CHP Genel Başkanı Kemal Kılıçdaroğlu, “soruşturmalara uğrayacağı”, “tasfiye edileceği”, “tutuklanacağına” ilişkin değerlendirmelerle ilgili olarak bazı gazetelerin Ankara temsilcileri ile bir araya geldi. “Hiçbir koşulda, hiçbir baskıya boyun eğmeyeceğiz. Başımız dik, onurlu gezeceğiz. Biz yurtseveriz, vatanını, ülkesini satanlar, ülkenin bütün sırlarını terör örgütlerine verenler asıl hesap vermesi gerekenlerdir” diyen Kılıçdaroğlu, Cumhurbaşkanı’nın soruşturmanın kendisine ulaşabileceği yönündeki açıklamasına şu karşılığı verdi:

YARGIYI SOPA DİYE KULLANIYOR

“Erdoğan yaptığı açıklamayla aslında büyük bir itirafta bulundu. ‘Ben savcılara, hakimlere talimat veriyorum, benden aldıkları talimat üzerine onlar gereğini yapıyorlar. Bir ek öneri gerekiyorsa tekrar bana danışıyorlar, söylediklerimi yargıçlara ve savcılara dikte ettiriyorum’ diyor. Milletvekilimiz Enis Berberoğlu üzerinden Erdoğan’ın yaptığı bu suçlama, bizim öteden beri dile getirdiğimiz bir gerçeği ortaya koyuyor. Türkiye’de yargı bağımsız değildir, siyasi otorite yargıyı toplumu ya da kurumları biçimlendirmek için siyasi sopa olarak kullanıyor. Yargı kurumları, insanları, muhalifleri sindirmek için bir araç olarak kullanılıyor. Bunu Erdoğan gayet açık ve net bir şekilde dile getirdi.”

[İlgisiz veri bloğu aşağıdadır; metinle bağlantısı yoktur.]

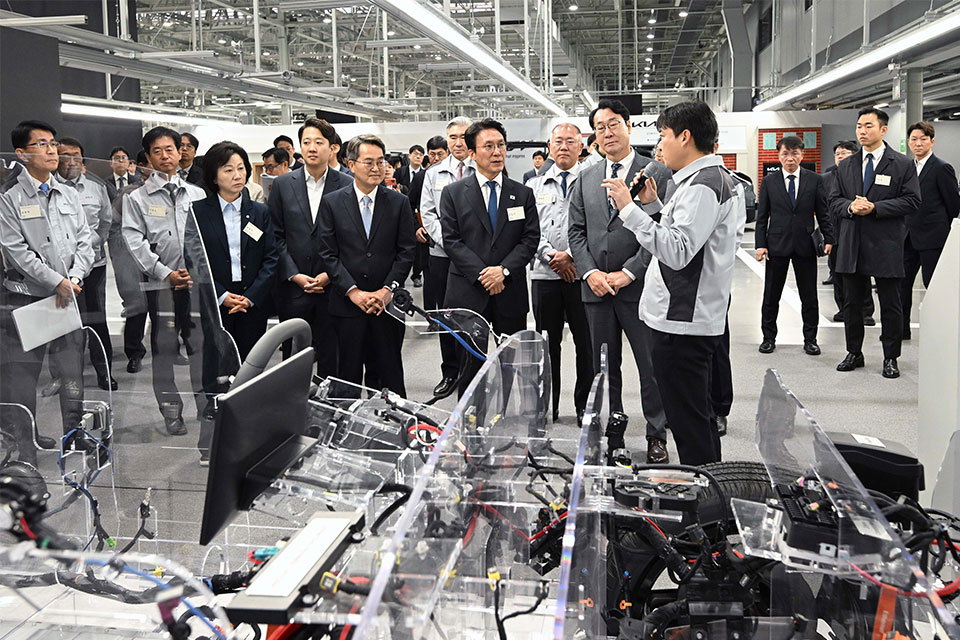 김민석 국무총리(가운데)와 정의선 현대차그룹 회장 등 주요 인사들이 기아 화성 EVO Plant East 준공식과 West 기공식에서 PV5 등 전시물을 둘러보고 있다.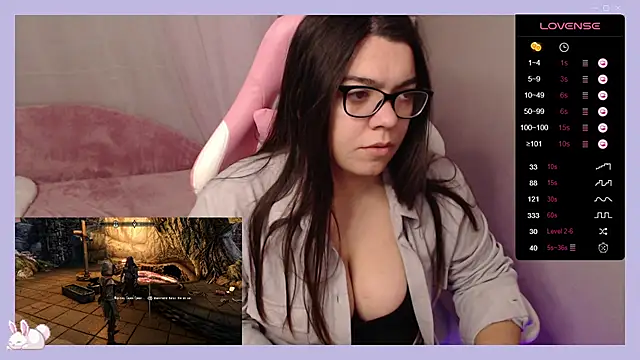 Snapshot of dream_swan chatting on December 2024 06:59:02 AM dream swan online show from December 2024 06:59:02 AM
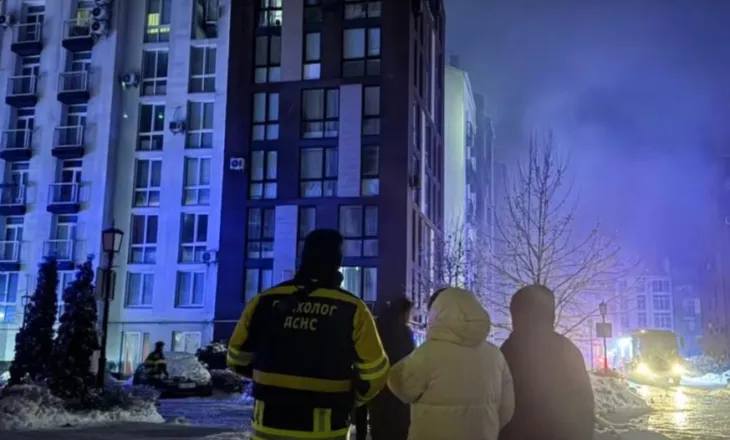 Dy të vrarë në Kiev teksa Rusia i vazhdon bombardimet në Ukrainë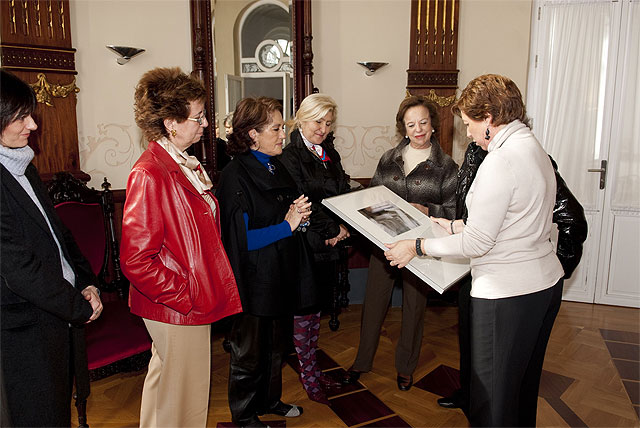 La alcaldesa, Miembro de Honor de la Asociación de Mujeres Cofrades de Cartagena - 1, Foto 1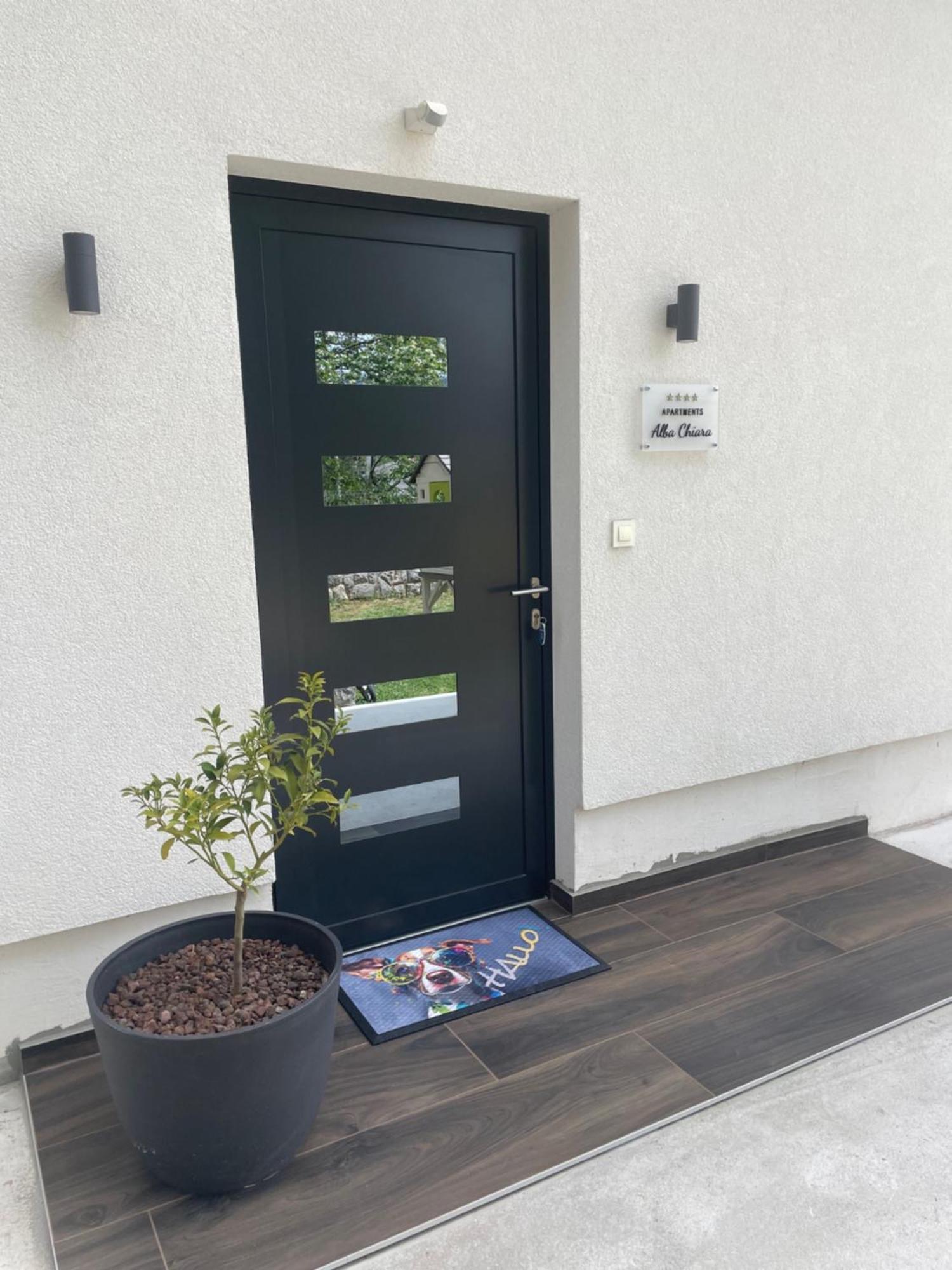 Apartments Alba Chiara Кастав Екстериор снимка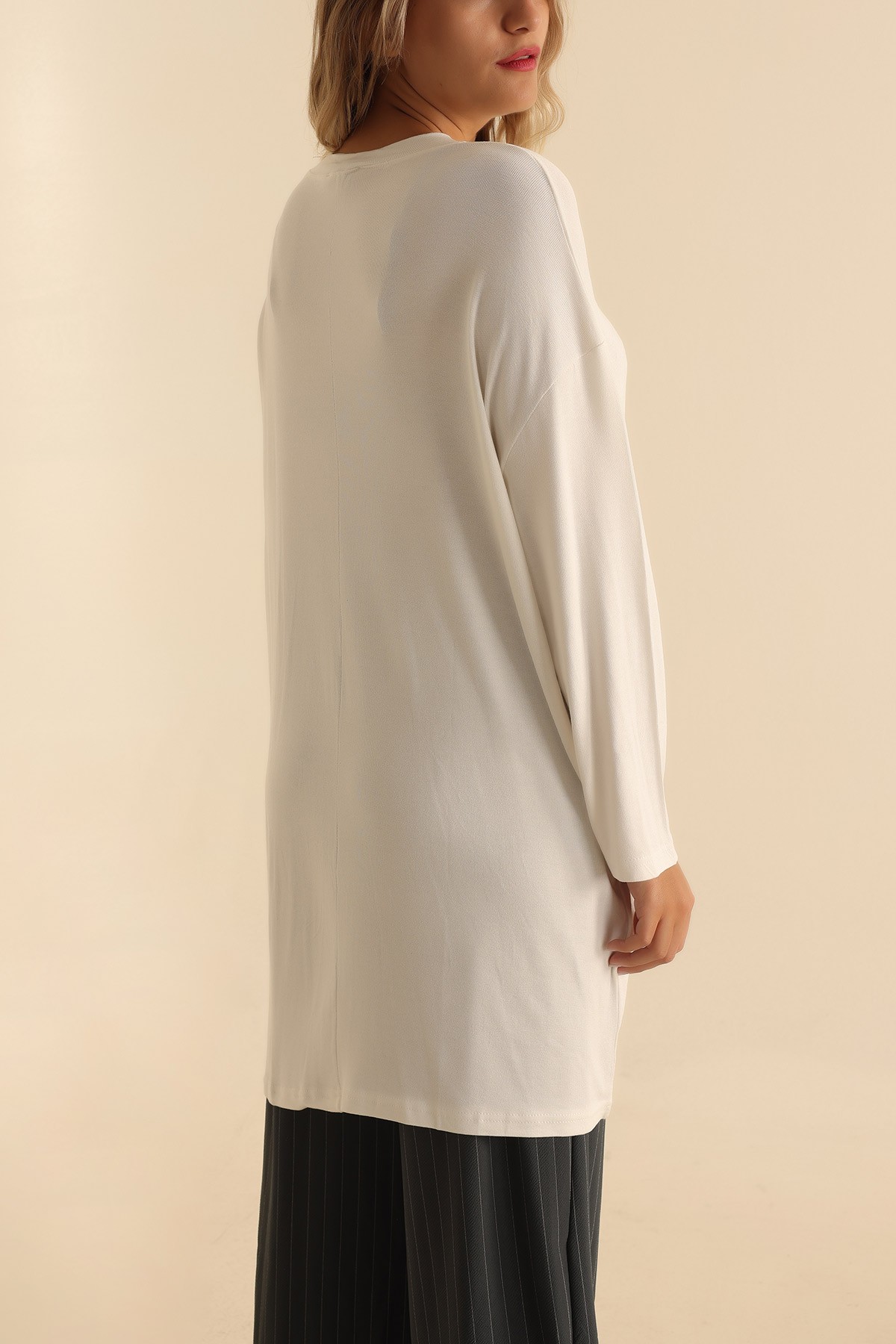 Beyaz Çilek Kumaş Tunik 204127
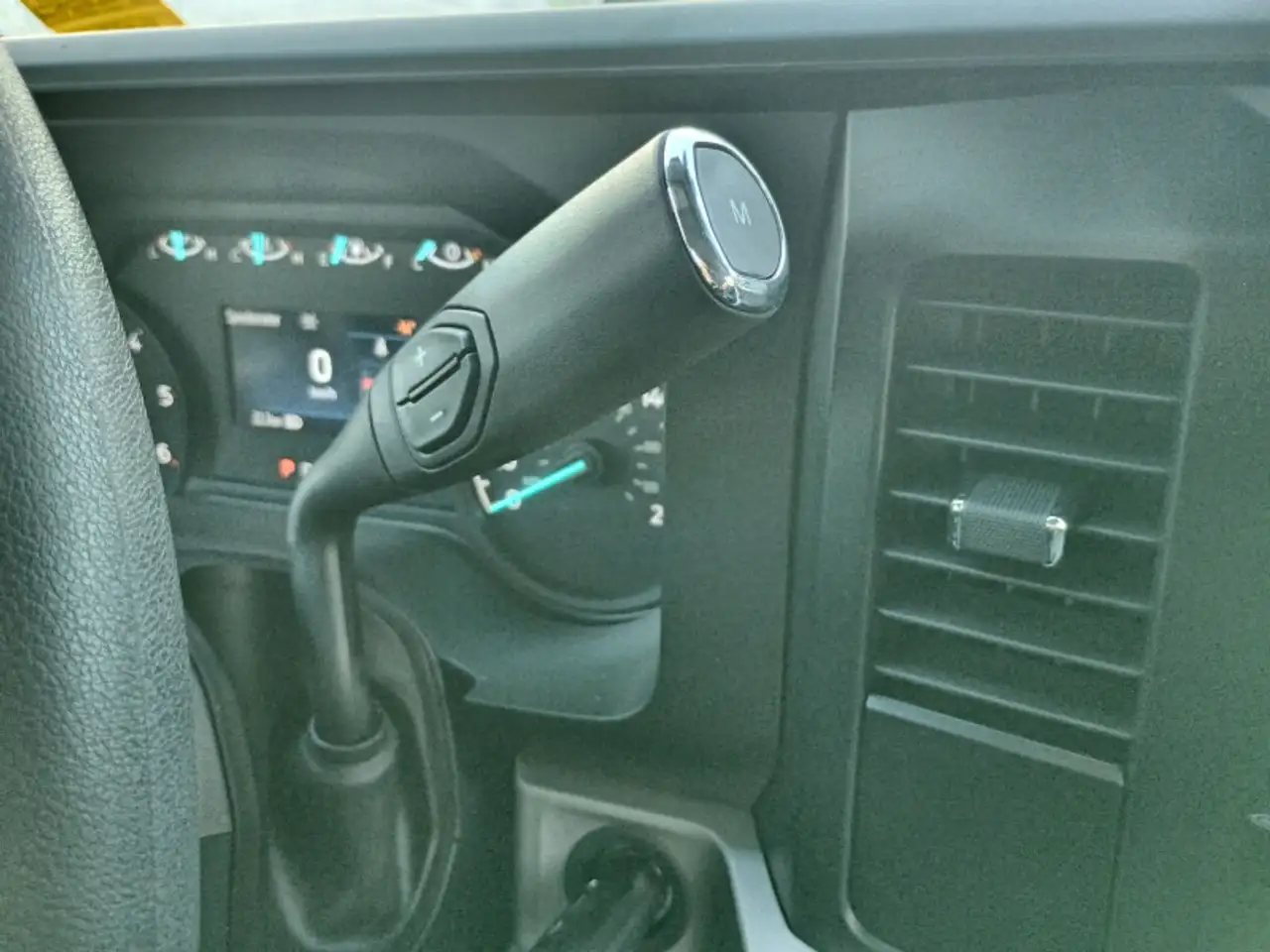 Ford F-550 Super Duty снимка Ford F-550 Super Duty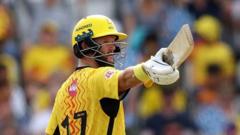 Duckett and Amir star as leaders Rockets see off Sunrisers
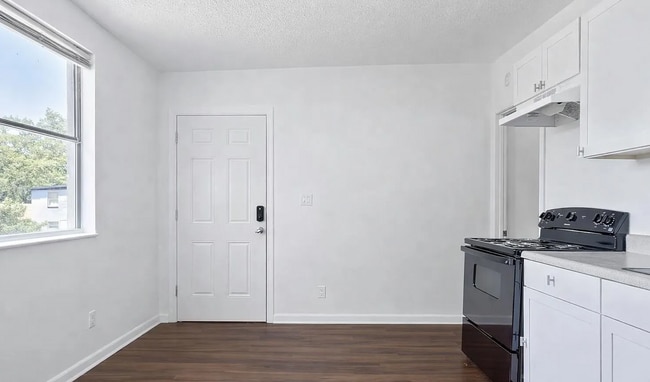 Photo - 1534 Morgan St Unit 1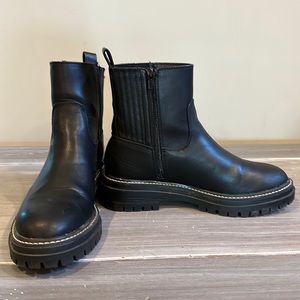 Black Chelsea Boot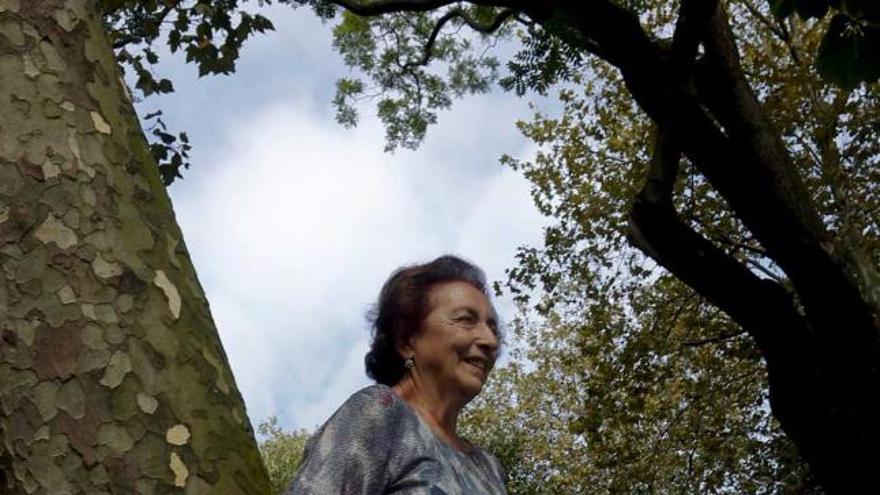 Laura González, en el parque del Muelle de Avilés.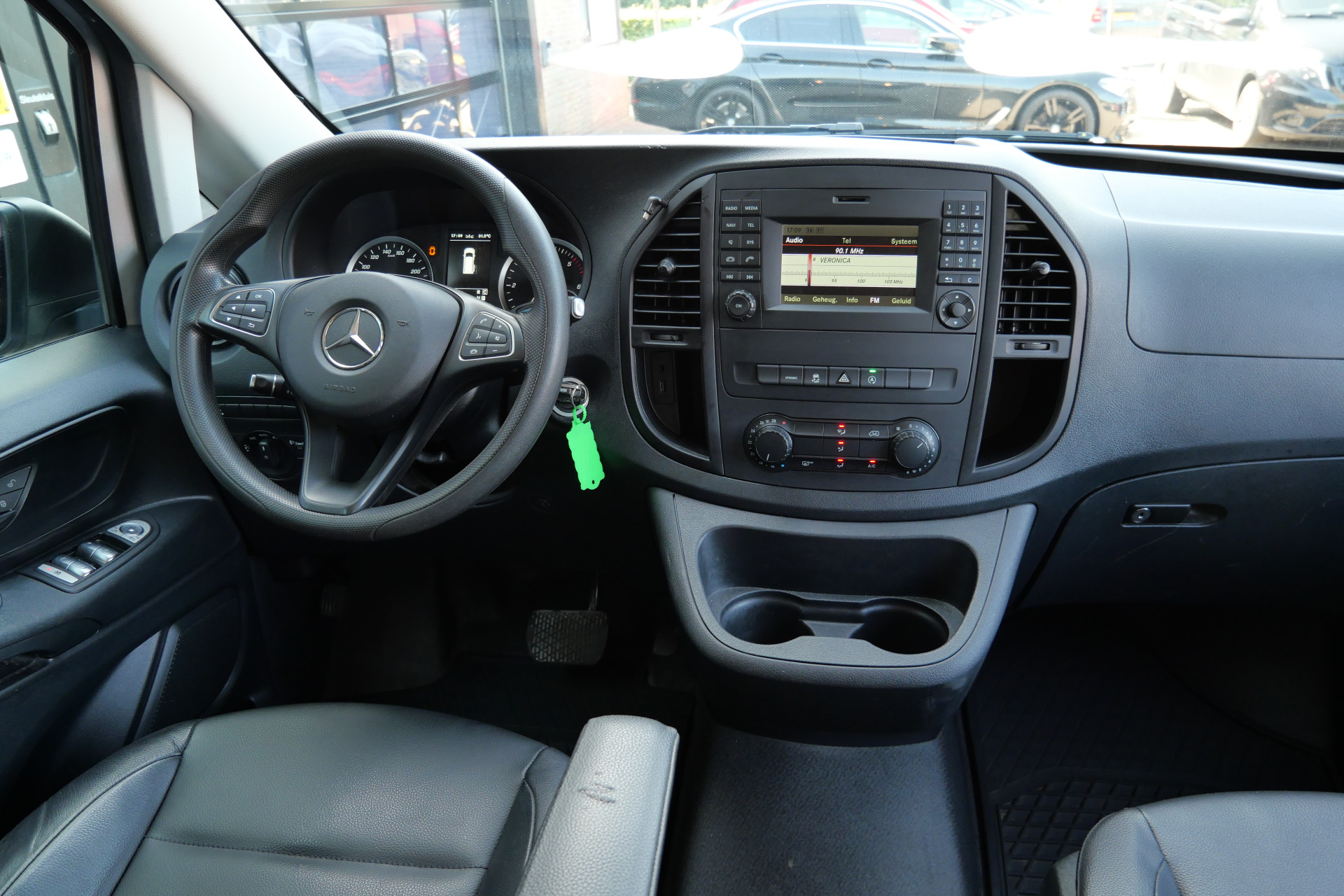 Foto van Mercedes-Benz Vito Tourer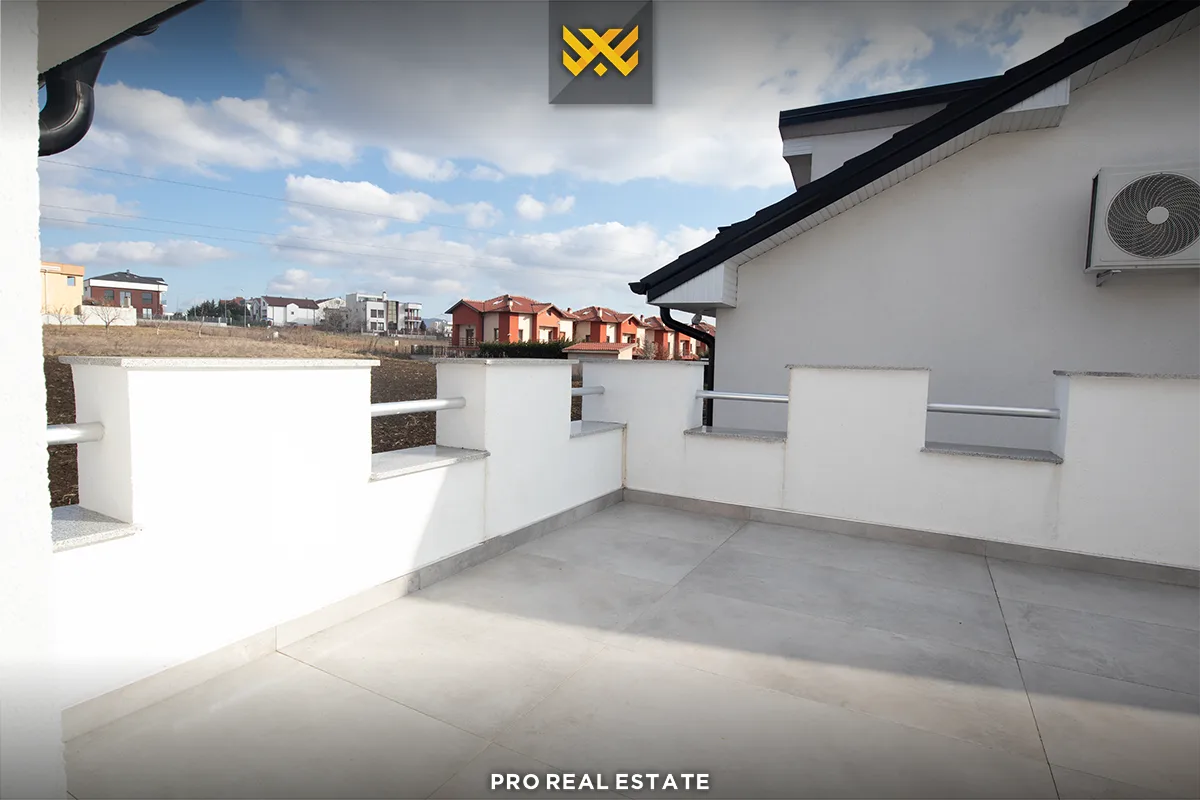 Shtëpi 250m² për #SHITJE në Veternik.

FOTO:İHA  -Kılıçdaroğlu FOTO:İHA -Kılıçdaroğlu "Ama insanların adalete bu denli susadığını düşünmemiştim.” dedi.


Kılıçdaroğlu’nun gazetecilerin sorularına verdiği yanıtlar şöyle:

TALİMATI VEREN ERDOĞAN

SAVCIYA TALİMAT: Talimatı savcıya veren doğrudan Erdoğan. Herhangi bir ek talep olup olmadığını savcının sorduğu kişi de Erdoğan. Aldığı bilgilere göre, muhalefeti dizayn etmeye çalışıyor veya suçlamaları getiriyor. Enis Bey, casuslukla suçlanıyor. Türk adalarına, Yunan bayrağını Enis Bey çekmedi, Kozmik Oda’ya FETÖ’nün adamlarını Enis Bey sokmadı. Devletin milyonlarca gizli belgesini FETÖ’ye Enis Bey teslim etmedi. Eğer, casus olarak birilerini nitelendirmek gerekiyorsa devletin bütün sırlarını, kozmik odayı FETÖ’ye açan ve o bilgileri FETÖ’ye elleriyle teslim edenler gerçek casuslardır.

YAPILAN AĞRIMA GİDİYOR:
Enis Bey, Cumhuriyet Gazetesi’nde çıkan bir haberden yola çıkarak suçlanıyor. Can Dündar yazdığı kitapta “flash diski solcu milletvekilinden aldım’ diyor. HTS kayıtlarına bakılıyor, o gün birden fazla milletvekili Can Dündar’la konuşmuş. Enis Bey’le de telefon görüşmeleri var. Enis Bey o dönem milletvekili değil, diğerleri milletvekili. Ama suçlanan Enis Bey. Şunu açık ve net ortaya koymak lazım: Enis Bey’in hiçbir suçu yoktur. Mahkeme dosyasında da Enis Bey’i suçlayacak tek bir belge dahi yoktur. Ağrıma giden eşinin ve kızının yani ailesinin, Enis Bey üzerinden saldırı altında tutulmasıdır. Bu saldırıyı yapanlar da kendilerini muhafazakar olarak tanımlayanlardır. Ailenin, aile bireylerinin bizim toplumda ne kadar önemli olduğunu herkes bilir. Siz, Enis Bey, Enis Bey’in ailesini topluca saldırı altında tutuyorsunuz. Bütün aileye saldırıyorsunuz. Ne ahlak, ne din, ne vicdan bunu kabul edemez” diyor.